Menschenskinder, was habe ich den Abend gestern genossen. Das urbane Leben hatte uns für einen kurzen Moment wieder. Die Konzert-Besuche und das Eintauchen in die lokale Musikszene. Dinge die daheim mein Leben darstellen und ausmachen, die ich hier aber kaum suche. Es grenzt beinahe an Selbstkasteiung und ich weiss nicht warum ich das, was ich daheim am meisten liebe, hier nicht öfters suche. Ich will wieder durch Plattenläden stöbern und mit Freaks abhängen.

Ja, das hat mir Beijing ganz klar gezeigt – Beijing ist crazy! Erstens kaufen sie meine Emma und zweitens gibt es hier Kunst und moderne Kultur jeglicher Art, was sicher dazu beiträgt, das viele hippe Chinesen und Ausländer in den Hutongs hängenbleiben.

Heute ist ein grosser Tag. Wir besteigen den Zug und fahren auf die ­andere Seite der grossen Mauer. Unser Geld haben wir mit Moneytransfer auf Emmas Konto einbezahlt. Wir haben mit unserer Idee mal locker 17 000 Renminbi Yuan gemacht. Das ist der absolute Wahnsinn und einfach nur krass. Damit finanziert sich Emma einen neuen Heimflug und wir eröffnen eine gemeinsame Reisekasse für die Mongolei. Ich bin echt froh, diesen Menschen dabei zu haben. Obwohl kein Rebell, inspirieren wir uns gegenseitig und haben rege Freude an diesem sozialen Experiment, wie wir es gerne nennen. Zwei Menschen, die sich nicht kennen, treffen sich für eine Reise – schaffen es sich gegenseitig alle Bedürfnisse zu erfüllen und plötzlich sitzen sie im Zug in die Mongolei.

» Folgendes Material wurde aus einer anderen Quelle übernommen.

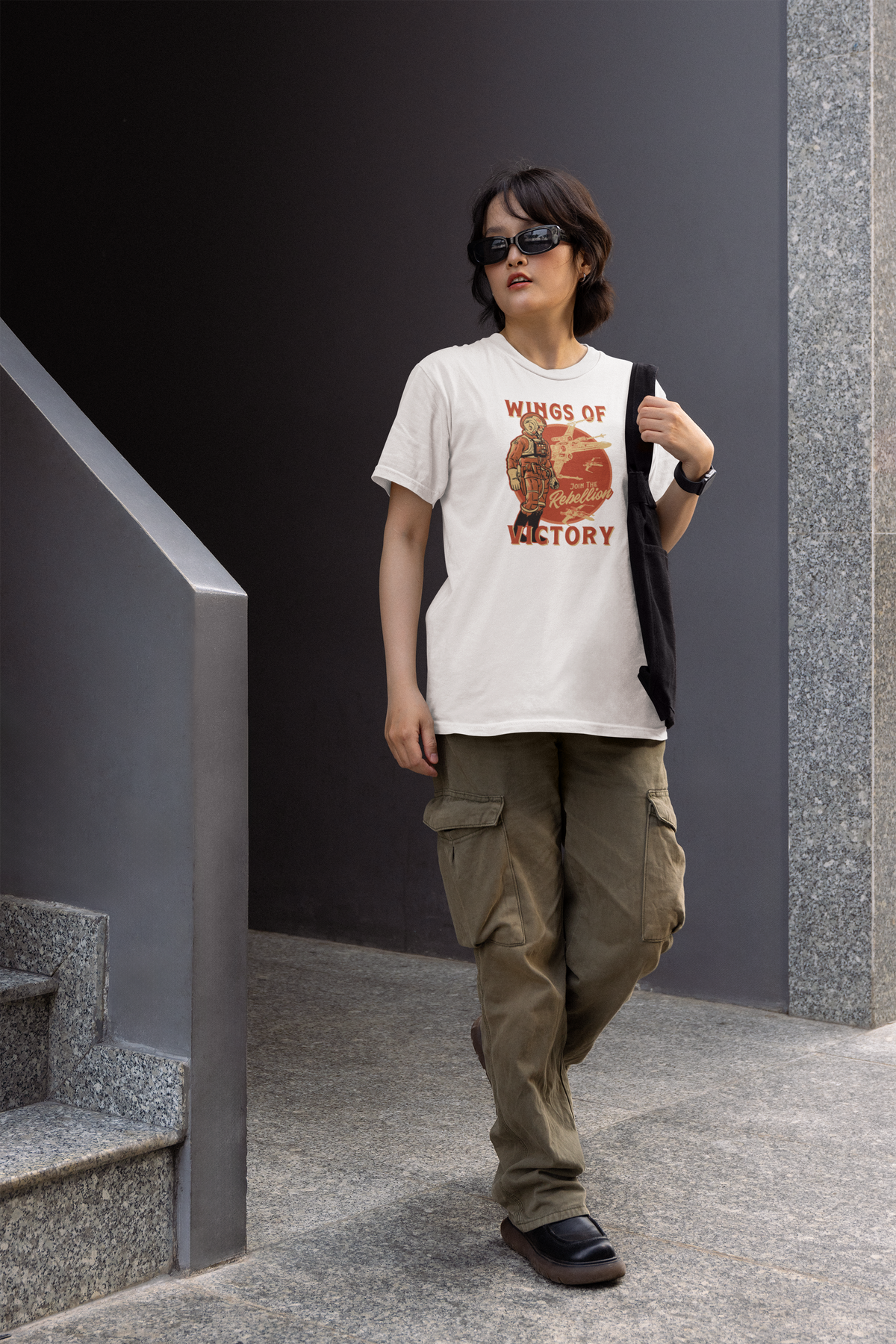 'Wings of Victory' women's tee in white, woman wearing it walking outdoors, rebel warrior graphic tee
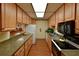 Galley kitchen with ample cabinet space and modern appliances, creating a functional cooking area at 425 30Th W Ave # C201, Bradenton, FL 34205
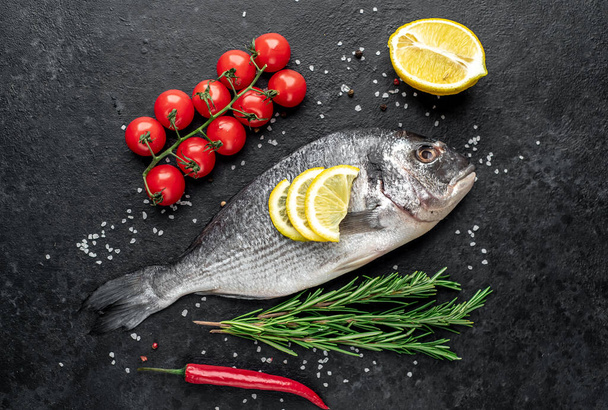 raw fish with lemon and rosemary on black stone background. top view. - Photo, Image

Total übernächtigt liegen wir auf unseren Hardsleepern und geniessen den Blick aus dem Fenster. Aus den Boxen dröhnen Fleet Foxes und Beta Band. Vorbei an Bergen und Reis-Terrassen, Steinbrüchen und Maisfeldern geht es raus aus dem Kommunismus, in ein Land voller eindrücklicher Geschichte. Das Land der Nomadenvölker, vereint durch den cleversten, den berühmten Dschingis Khan – ein Land, in dem viele Menschen heute noch so leben wie damals. Der Vergleich einer geführten Tour von 100 Dollar pro Tag und dem durchschnittlichen Einkommen von 200 Dollar im Monat, ist ein gutes Beispiel für die Verhältnisse. Wir haben viel gehört, nun schauen wir es uns selbst an. Die Mongolei. Gegen Mitternacht werden wir die Grenze erreicht haben. Wir können es kaum erwarten.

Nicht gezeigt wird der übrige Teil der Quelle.